Jakarta, Malanesianews, – Dunia sedang mengalami gelombang panas laut (marine heatwave) berskala terbesar sepanjang sejarah pencatatan iklim, yang telah menyebabkan pemutihan karang global (global coral bleaching) di lebih dari 84% wilayah terumbu karang di seluruh dunia. Data dari NOAA dan WMO mencatat kenaikan suhu permukaan laut hingga 2–3°C di atas normal, berlangsung terus menerus sejak pertengahan 2023.
Dampak di Indonesia
Indonesia—yang menjadi bagian dari segitiga terumbu karang dunia (Coral Triangle)—terkena dampak signifikan:
-
Di Wakatobi, Kepulauan Seribu, dan Taman Laut Bunaken, lebih dari 70–90% karang mengalami pemutihan.
-
Nelayan lokal mengalami penurunan hasil tangkapan karena ikan menjauh dari kawasan pemutih.
-
Industri wisata bahari terpukul. Kunjungan turis ke spot snorkeling dan diving turun hingga 60% sejak awal 2024.
Apa itu Pemutihan Karang?
Pemutihan terjadi saat karang stres akibat suhu terlalu panas, menyebabkan alga simbiotik (zooxanthellae) yang memberi warna dan nutrisi pada karang keluar dari jaringan. Tanpa alga, karang berubah putih dan kelaparan. Jika pemanasan berlangsung lama, karang akan mati.

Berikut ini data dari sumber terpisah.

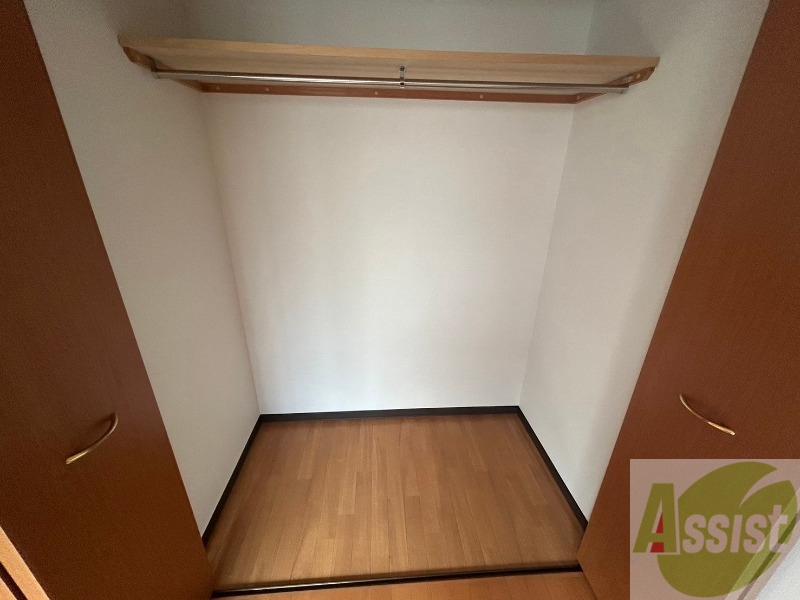 収納　クローゼットは奥行きもあり、荷物が多い方でも安心です。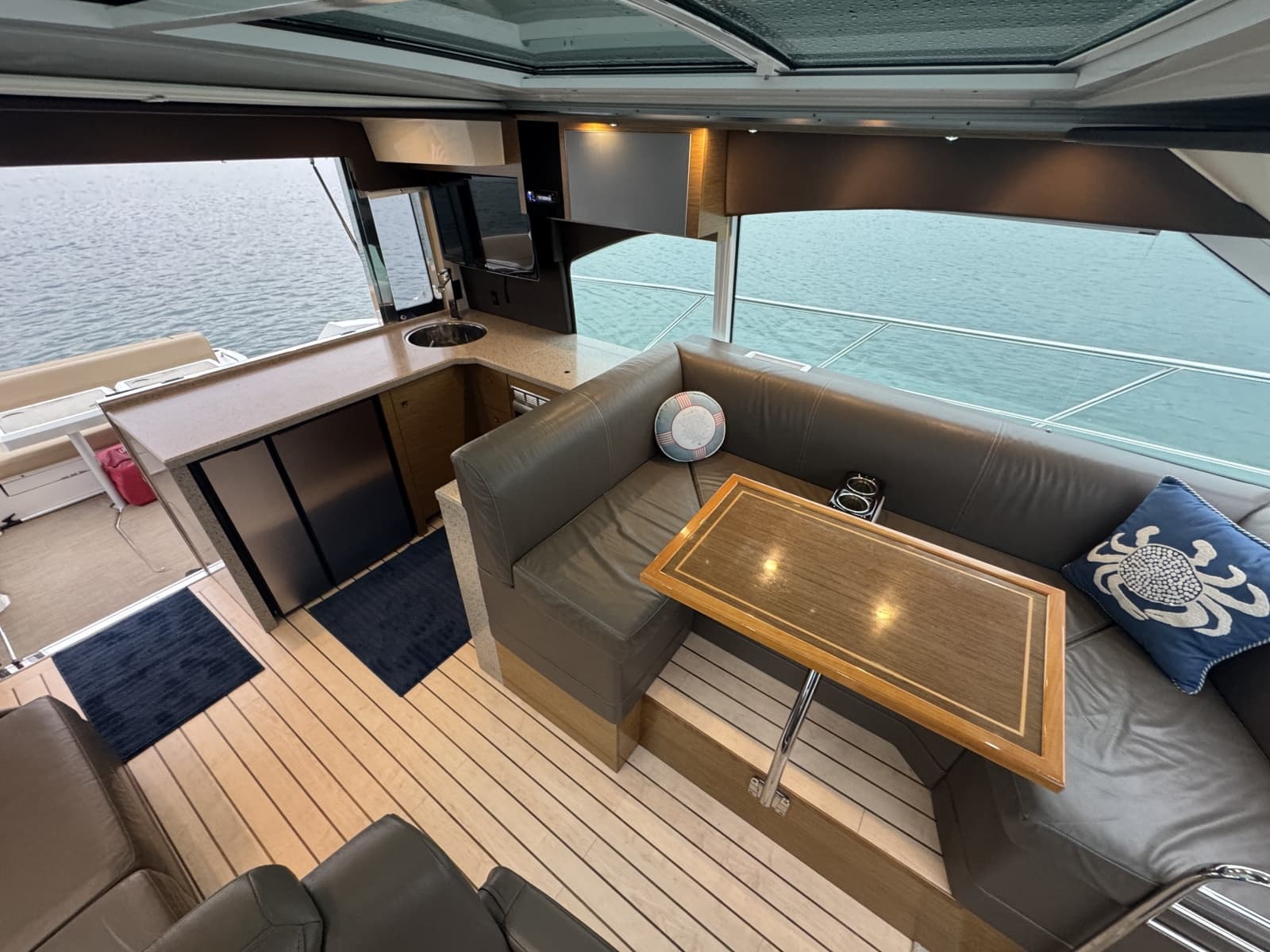 2013 Cruisers Yachts 45 Cantius - Photo 18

“Ini adalah pemutihan karang global keempat yang pernah terjadi, dan yang paling luas. Bumi sedang memberi sinyal darurat,” — Dr. Derek Manzello, Koordinator Coral Reef Watch, NOAA.
Bukti Krisis Iklim
Fenomena ini memperkuat laporan IPCC dan WMO bahwa krisis iklim kini tak lagi mengancam, tetapi sedang terjadi. Kenaikan suhu laut didorong oleh:
-
Emisi karbon global yang terus meningkat,
-
El Niño ekstrem 2023–2024,
-
Penurunan kapasitas laut dalam menyerap panas (akibat pencairan es dan stratifikasi laut).
Tanggapan dan Harapan
Pemerintah Indonesia telah mengaktifkan program “Coral Recovery 2030”, termasuk:
-
Restorasi karang buatan menggunakan substrat beton ramah lingkungan di 12 lokasi kritis,
-
Penutupan sementara spot wisata untuk pemulihan alami,
-
Kampanye publik #SelamatkanKarang yang mendorong pelancong dan nelayan lebih bertanggung jawab.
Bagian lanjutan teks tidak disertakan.